VHI have a special price on the PMI_28_12 plan at the moment.... but this only is available until 28-Dec-12. 

It jumps by 31% after that - average for adult + child.

This plan looks a little better that the plan I have my family on - and the special price is a little cheaper than my renewal quote.  However VHI say I cannot get this rate and cannot cancel my existing policy early in order take up this new one with them.  

Anyway around that??
Anyone else get that story?


----------



## Billo (3 Dec 2012)

I had the same problem last year so after arguing with Vhi without success I switched to Aviva. After contacting their legal department they(VHI)said that I could not hold dual policies and therefore avail of cheaper rate. I am happy that I moved on.


----------



## michaelm (4 Dec 2012)

sector_000 said:


> VHI say I cannot get this rate and cannot cancel my existing policy early in order take up this new one with them.  Anyway around that??

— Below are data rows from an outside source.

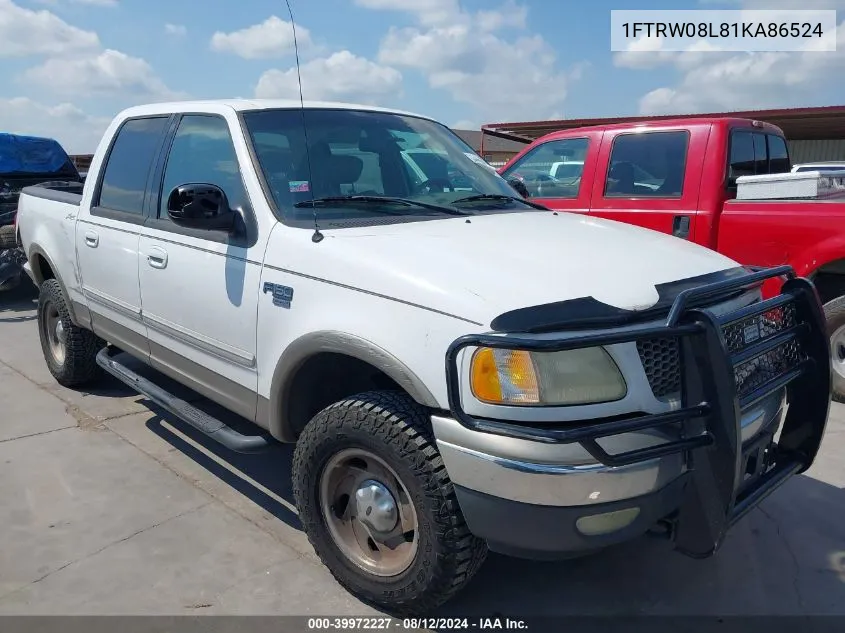 2001 Ford F-150 King Ranch Edition/Lariat/Xlt VIN: 1FTRW08L81KA86524 Lot: 39972227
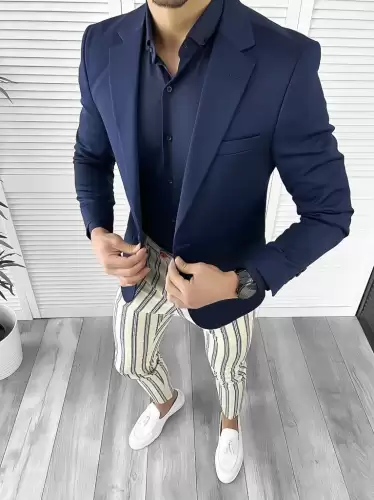 Tinuta barbati smart casual Pantaloni + Camasa + Sacou 10522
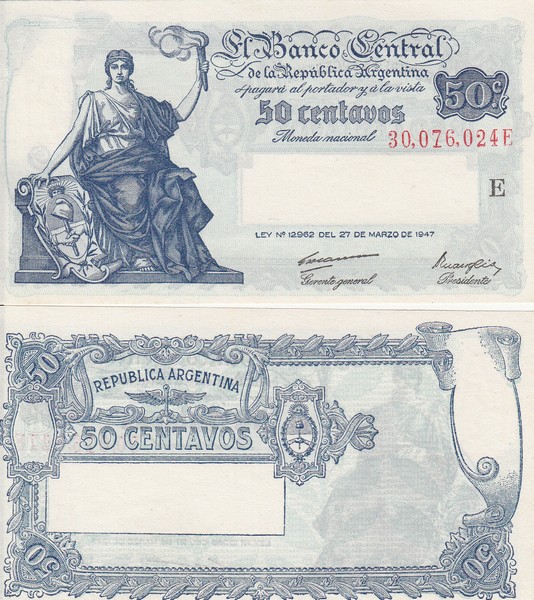 Аргентина Банкнота 50 центаво 1947 UNC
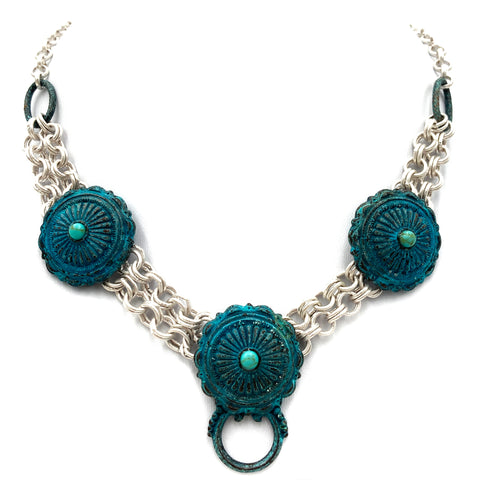 Turquoise Concho Chain Necklace With Pendant Bale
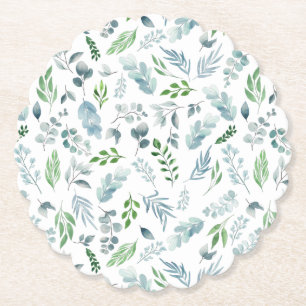 Moderne Waterverf botanische groen Eucalyptus Kartonnen Onderzetters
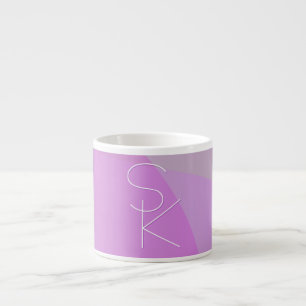 Your Overlapping Initials   Modern Pink Geometric Espresso Cup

I can't believe that you can't cancel your policy.  You wouldn't get a rebate but surely you can cancel.  And then there would be no impediment to taking out a new policy.  I've tended to switch every year over the last few years to whoever is doing the best deal for kids (either free or half price).


----------



## sector_000 (4 Dec 2012)

MichaelM:
Nope.....VHI policy is to run all policies to the last day of the policy term, disallowing early cancellation. Hence I cannot avail  of the special price for PMI_28_12. They also do not allow you to take out a  second policy and run it concurrently for a few days.

I may well switch insurers.


----------



## elcato (4 Dec 2012)

As a matter of interest, could your wife take out the new policy and name you and the children on it ?


----------